Pesta Adat Disederhanakan

Oleh FRANS OBON

Warga Kelurahan Susu membuat kesepakatan budaya yakni menyederhanakan pesta pada saat kematian. Kesepakatan ini diambil Sabtu (17/3) dan akan disebarluaskan ke segenap anggota suku di wilayah itu.

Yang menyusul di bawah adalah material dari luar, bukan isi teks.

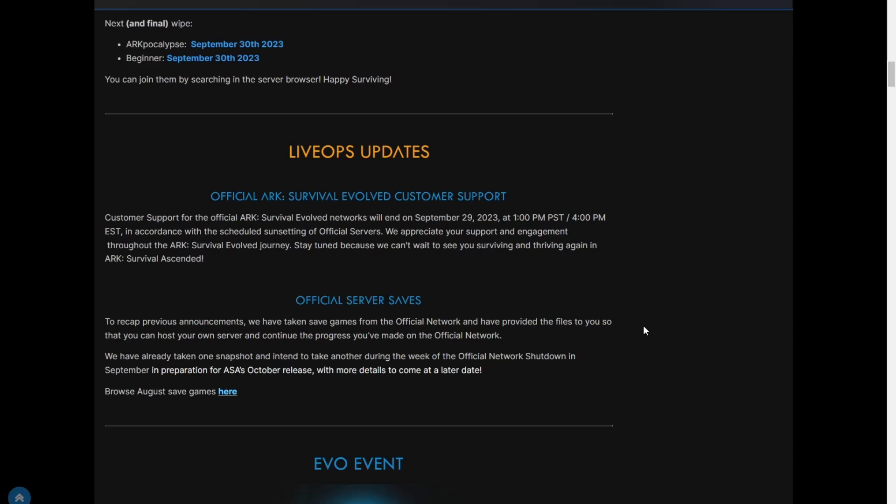That's if you're playing on servers, if you're playing on public servers like official and unofficial and stuff like that. Me, I play single player, so this isn't gonna affect me. I don't play on a server, I play on actual single player.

Isi kesepakatannya adalah pada hari kematian tidak diperkenankan membawa babi kecuali uang. Beras atau padi tidak boleh dibawa dalam bakul (bere) tetapi dalam karung. Keluarga berduka hanya boleh menyediakan makanan hanya sekali (sebelum atau sesudah penguburan) dan meghe dihilangkan. Semua ini akan diatur di kampung masing-masing. Jika ada yang melanggar, maka barang bawaannya akan dikembalikan.
Kesepakatan ini dalam arti tertentu adalah sebuah agenda budaya masyarakat Kelurahan Susu. Ada perubahan cara memandang budaya di sini. Sungguhkan budaya itu sesuatu yang statis, kaku, atau sesuatu yang dinamis? Atau dalam bahasa yang lebih keren, apakah budaya itu suatu kata benda (gabe) atau satu kata kerja (aufgabe). Kalau suatu kata benda (gabe) maka kebudayaan adalah sesuatu yang terberikan dan kita terima secara taken for granted (karena dari sananya memang demikian). Sebaliknya kalau budaya itu satu kata kerja (aufgabe), maka dia memberikan kepada kita suatu tugas, kesempatan untuk berkreativitas, menciptakan. Sehingga kebudayaan adalah daya dari budi, daya nalar yang melahirkan kreativitas baru.
Cara memandang kebudayaan ini sangat mempengaruhi kita dalam mengelola hidup pribadi dan bersama kita. Selama ini terutama dalam masa otonomi daerah, kita memiliki semangat untuk membangun daerah kita dalam nuansa budaya. Kita ingin menghidupkan berbagai elemen budaya untuk menunjukkan jati diri kita. Di jalur politik, kita menggunakan sentimen budaya untuk menggalang massa pendukung politik. Kita melegitimasi kekuasaan didasarkan pada basis massa genealogis.
Tetapi di sisi lain, nilai-nilai kultur kita tidak menjadi inspirasi para pemimpin kita untuk membangun daerahnya. Egoisme kelompok dan kepentingan diri jauh lebih menonjol daripada semangat solidaritas. Padahal, solidaritas adalah warisan berharga dari kultur kita.
Kultur kita juga banyak kali membelenggu kita. Kematian memakan ongkos yang besar. Tetapi kita tidak pernah memberikan perhatian besar pada masalah kesehatan. Kita tidak mengumpulkan uang waktu orang sakit, tetapi mengumpulkan apa saja untuk kematiannya.
Kita terbelenggu dalam budaya pesta, mulai dari lahir hingga kematian. Tidak ada tahap dalam kehidupan orang Flores yang tidak dipestakan. Banyak sekali struktur-struktur budaya kita yang membuat kita miskin. Dengan kata lain kemiskinan kita sebagian besar merupakan kontribusi budaya kita. Karena kita tidak pernah memikirkan secara serius mengenai budaya kita, maka kita pun terpuruk. Gerakan masyarakat Susu adalah nyala kecil dari kreativitas budaya di Flores. Kita memerlukan gerakan yang lebih besar. Mulai dari akar rumput sendiri.